Edenderry
- Full name: Edenderry Rugby Football Club
- Union: IRFU Leinster
- Nickname: Derry
- Founded: 1951; 75 years ago
- Ground(s): Coolavacoose, Carbury
| Team kit |

= Edenderry RFC =

Irish rugby union club based in Coolavacoose, Co.Kildare

Edenderry RFC is an Irish rugby union team originally based in County Offaly, but now playing in Coolavacoose, Carbury, County Kildare. They play in Division 2A of the Leinster League. The club colours are white and royal blue.

== History ==
Edenderry Rugby Football Club were founded in 1951 in Edenderry, County Offaly. They first started playing on a rugby pitch given to them near the town's golf course.

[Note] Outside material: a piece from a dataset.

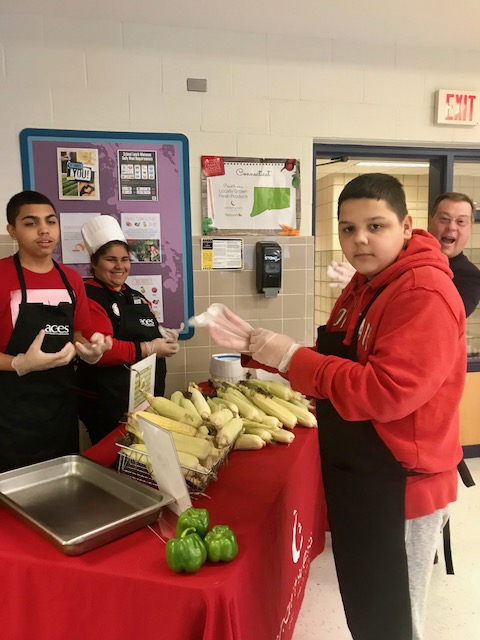 Mill Road student shucking corn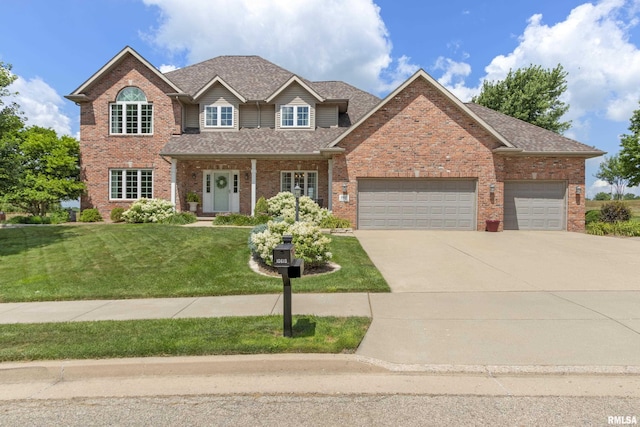 10615 N Collett Rd, Peoria, IL 61615 - traditional-style house featuring driveway, a garage, a front yard, brick siding, and a shingled roof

In 1969, Edenderry won the Leinster Provincial Towns Cup. shortly after the victory, the club decided to move grounds across the county border to Carbury in County Kildare with a new clubhouse being constructed in 1974 and extended in 1986. A further fundraising effort to improve the clubhouse was spearheaded by Moss Keane who played with a team of Irish internationals against an Edenderry XV in a charity match in 1990. The renovations were finished in 1999 with the Irish Minister of Finance, Charlie McCreevy and the President of the Irish Rugby Football Union, Billy Lavery opening it.

Edenderry have been used as hosts for the Provincial Towns Cup by the Leinster branch of the IRFU. They have also hosted training sessions for the Leinster Rugby provincial side. In 2018, the IRFU selected Edenderry to host the final of the national All-Ireland Junior Cup. In 2019, Edenderry received a grant of €24,878 to install new floodlights at their ground.